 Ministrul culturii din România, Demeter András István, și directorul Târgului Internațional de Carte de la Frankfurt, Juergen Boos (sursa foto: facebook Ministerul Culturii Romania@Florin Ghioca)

···

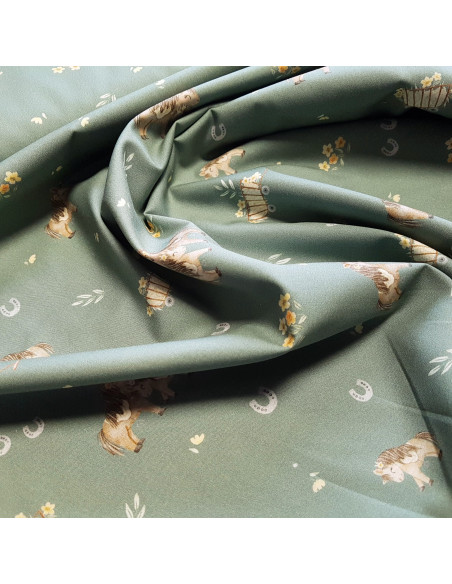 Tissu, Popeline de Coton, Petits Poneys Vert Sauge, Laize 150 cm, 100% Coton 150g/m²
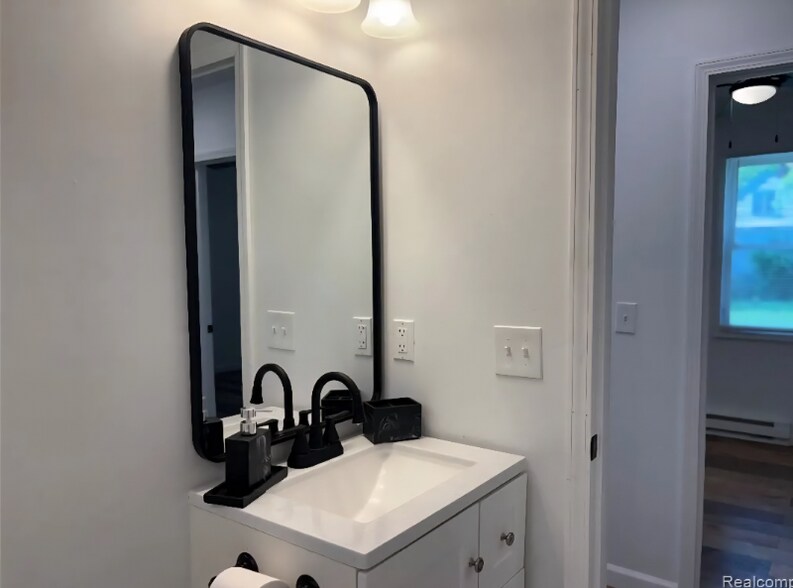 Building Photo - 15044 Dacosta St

···

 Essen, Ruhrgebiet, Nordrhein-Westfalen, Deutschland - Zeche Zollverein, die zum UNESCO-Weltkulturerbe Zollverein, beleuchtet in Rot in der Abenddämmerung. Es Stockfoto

···

# WHAT IS NEEDED
Reproduce the listing above exactly from the line containing "Tissu, Popeline de" up to and including the line containing "Building Photo - 15044 Dacosta St", omitting any images and everything outside those lines.

# WRITTEN SOLUTION
 Tissu, Popeline de Coton, Petits Poneys Vert Sauge, Laize 150 cm, 100% Coton 150g/m²
 Building Photo - 15044 Dacosta St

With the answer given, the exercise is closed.